Multi-Language Telephone Speech Corpus Distribution

DATA.DOC

release January, 1994

The speech and transcription filenames are of the form:

<langcode><callnumber><type>.wav - compressed waveform data, with 1024
				byte uncompressed SPHERE header

<langcode><callnumber><type>.seg - time-aligned broad phonetic 
                                transcriptions

<langcode><callnumber>.log  - information file containing results of
                                preliminary verification and evaluation 
                                of each call

where:

<langcode> consists of the first two letters of the ten language
	names. E.g. fa (Farsi), vi (Vietnamese), etc.

<callnumber>  positive 3-digit integer (with leading zeros as needed)

<type> any one of:
	nlg - native language 
	clg - common language 
	dow - days of the week
	num - number 0 thru 10
	htl - hometown likes 
	htc - hometown climate 
	roo - room description
	mea - description of most recent meal
	stb - free speech before the tone
	sta - free speech after the tone
The stb (max. duration 50 seconds) and sta (max. 10 seconds) utterances together form the 1-minute free speech portion of each call.
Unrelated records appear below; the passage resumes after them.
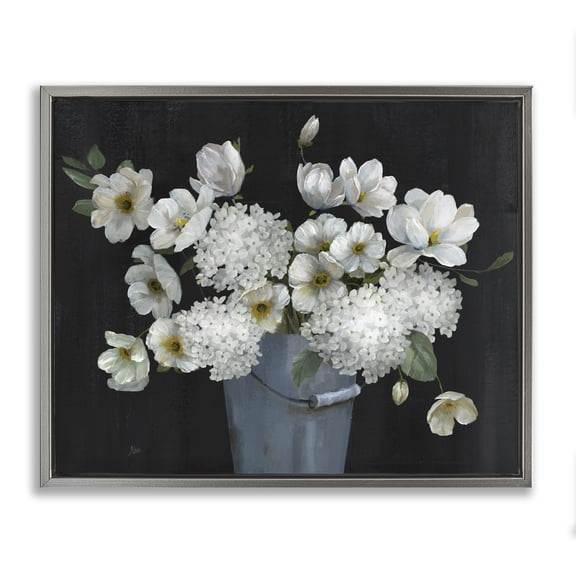 Stupell Industries Shabby Chic White Mixed Flowers Rustic Planter Gray Floating Frame Canvas Art, 31 x 25, by Nan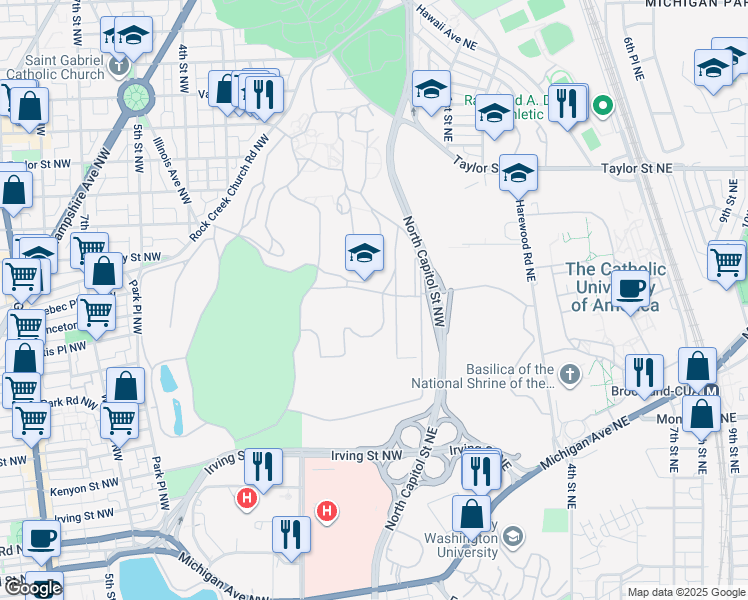 map of restaurants, bars, coffee shops, grocery stores, and more near 3700 N Capitol St NW in Washington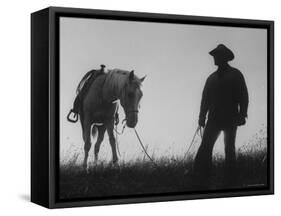 Cowboys on Long Cattle Drive from S. Dakota to Nebraska-Grey Villet-Framed Stretched Canvas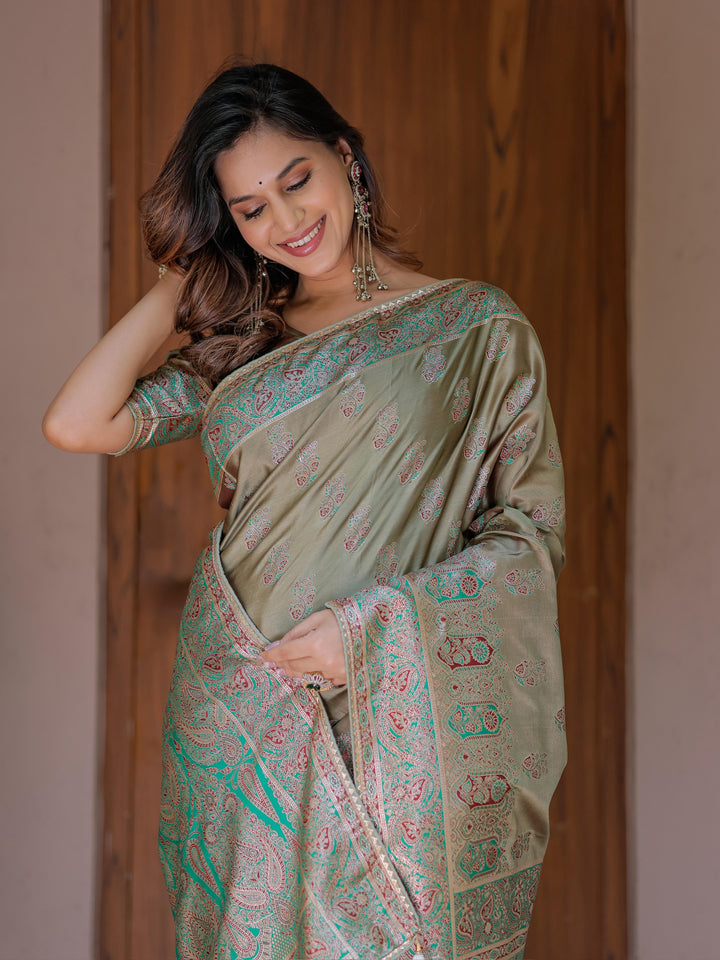 Elegant Olive Gold Banarasi Silk Saree with Intricate Paisley Zari Weaving & Tassel Detailing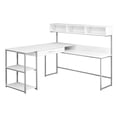 thumbnail image 2 of Computer Desk - L-Shaped / Corner / Hutch / 1 Drawer / 2 Shelves / 4 Cubbies / Metal Base - 59"L X 59"W - White / Silver, 2 of 4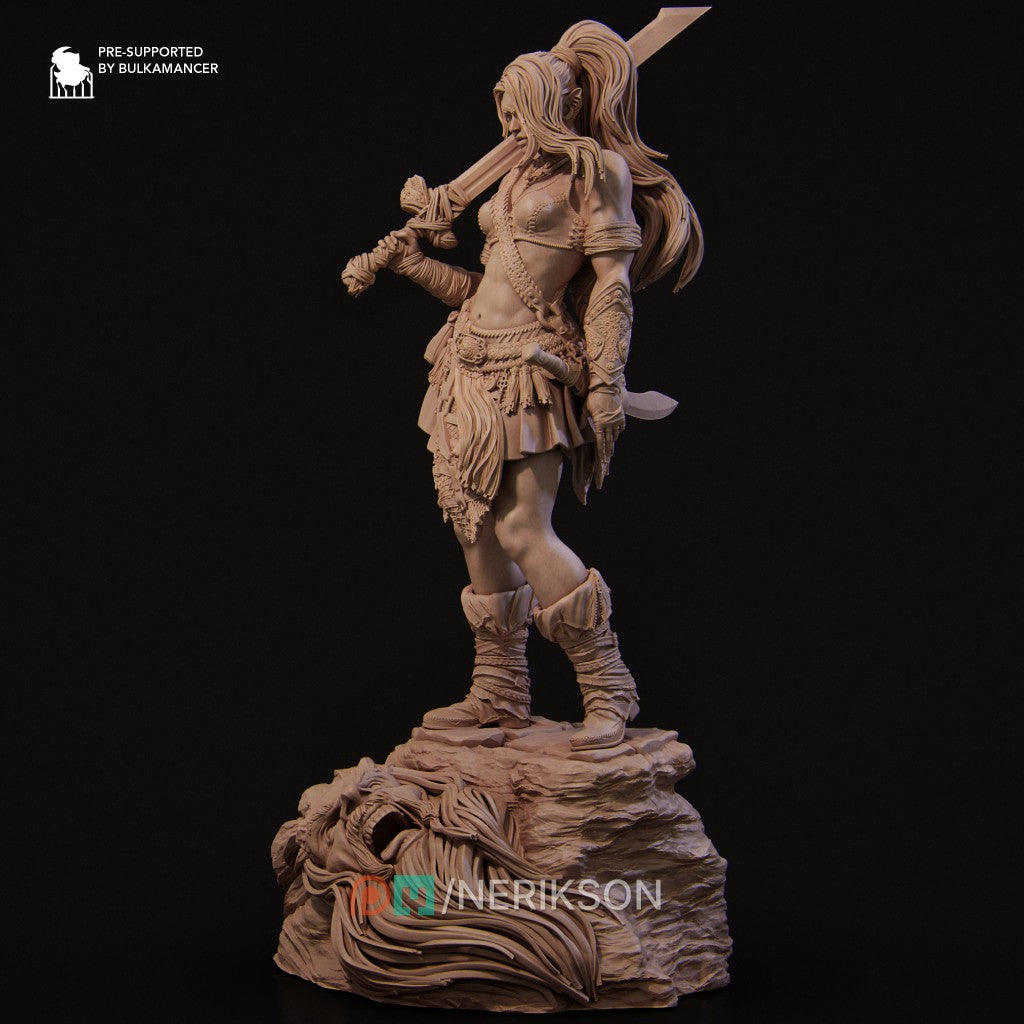 Lia the Barbarian Mercenary fantasy miniature by Nerikson, 3D printed in ABS-Like premium resin, unpainted collectible figurine with fierce warrior character design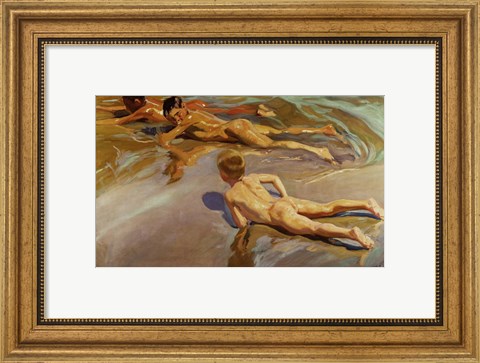 Framed Boys on the beach Print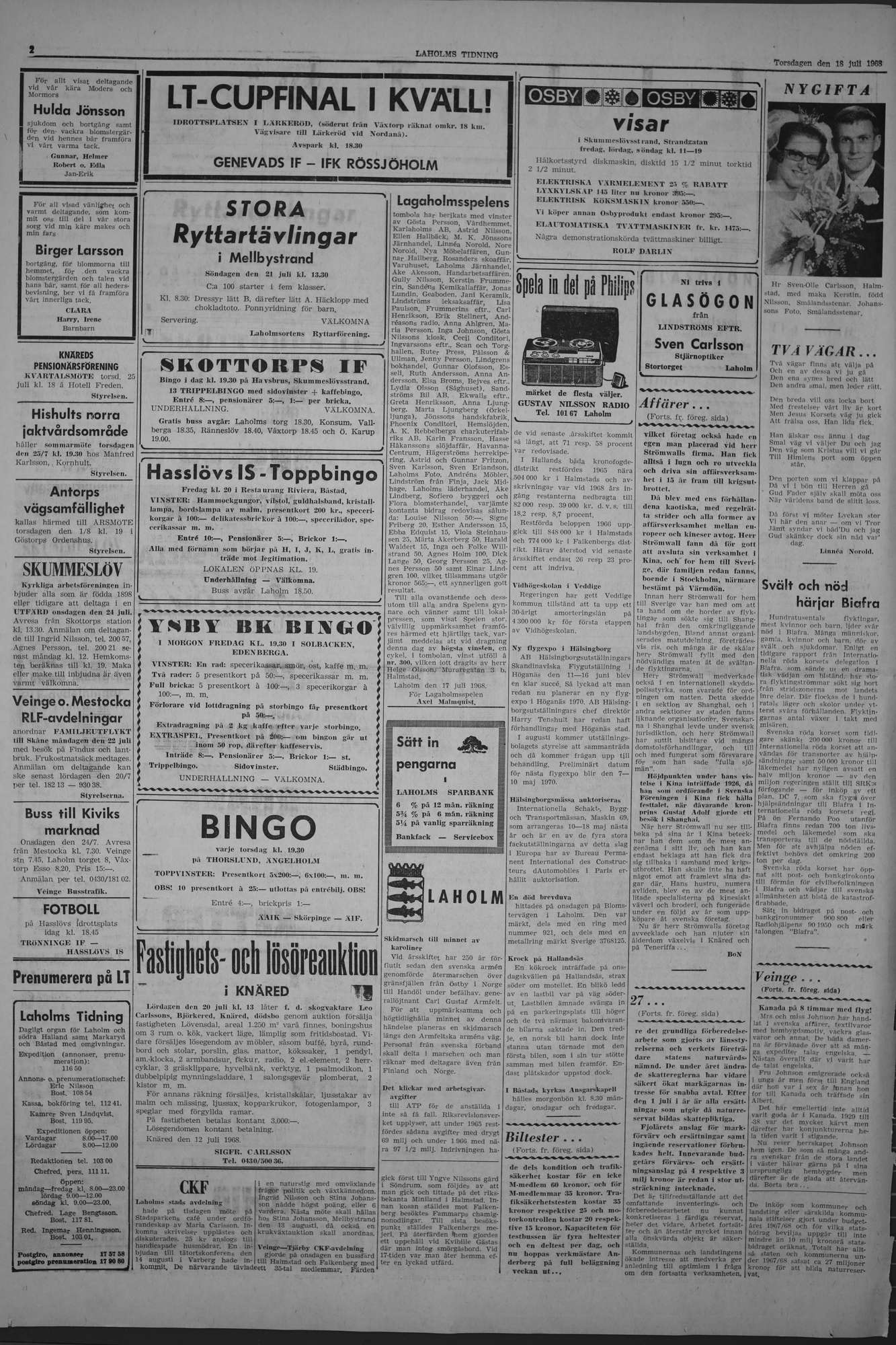 Laholms Tidning Torsdag 18 juli 1968, sida 2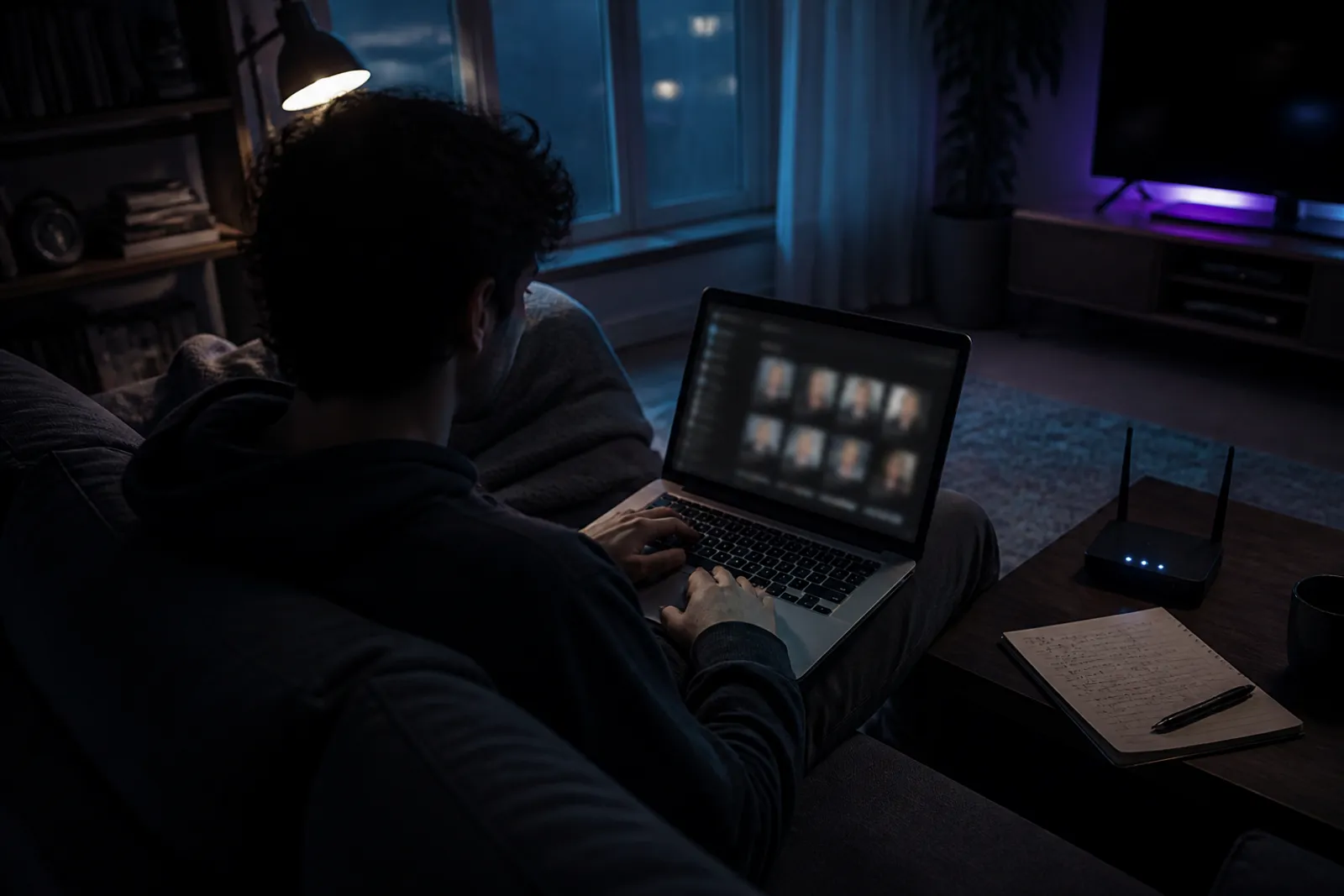 A user enjoys streaming dark web videos in a relaxed setting.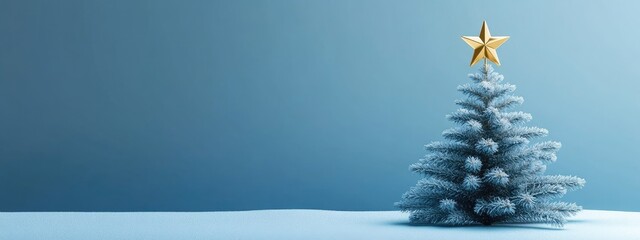 Aufkleber - Minimalist product backdrop for winter holiday theme Christmas tree adorned with a golden star set against a blue background 3D rendered illustration with clipping paths for each element included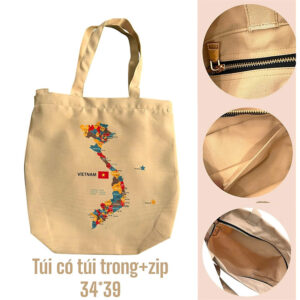 Túi tote khoá kéo dễ thương hình bản đồ VN xinh xắn [Hàng có sẵn]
The explanation below clarifies the reasons for this breakup into two files.

Instead of abruptly cutting off the caller at the end of 1 minute, it was decided, based on trial runs of the recording protocol, to play a "time is up" tone after the first 50 seconds, to inform the caller that (s)he had only 10 seconds left to bring his/her free speech response to a coherent end. Callers were explained the purpose of this tone and were played a sample tone before the actual 1-minute recording began. The software of the Gradient Desklab dictated that the response before and after the tone be recorded in separate files.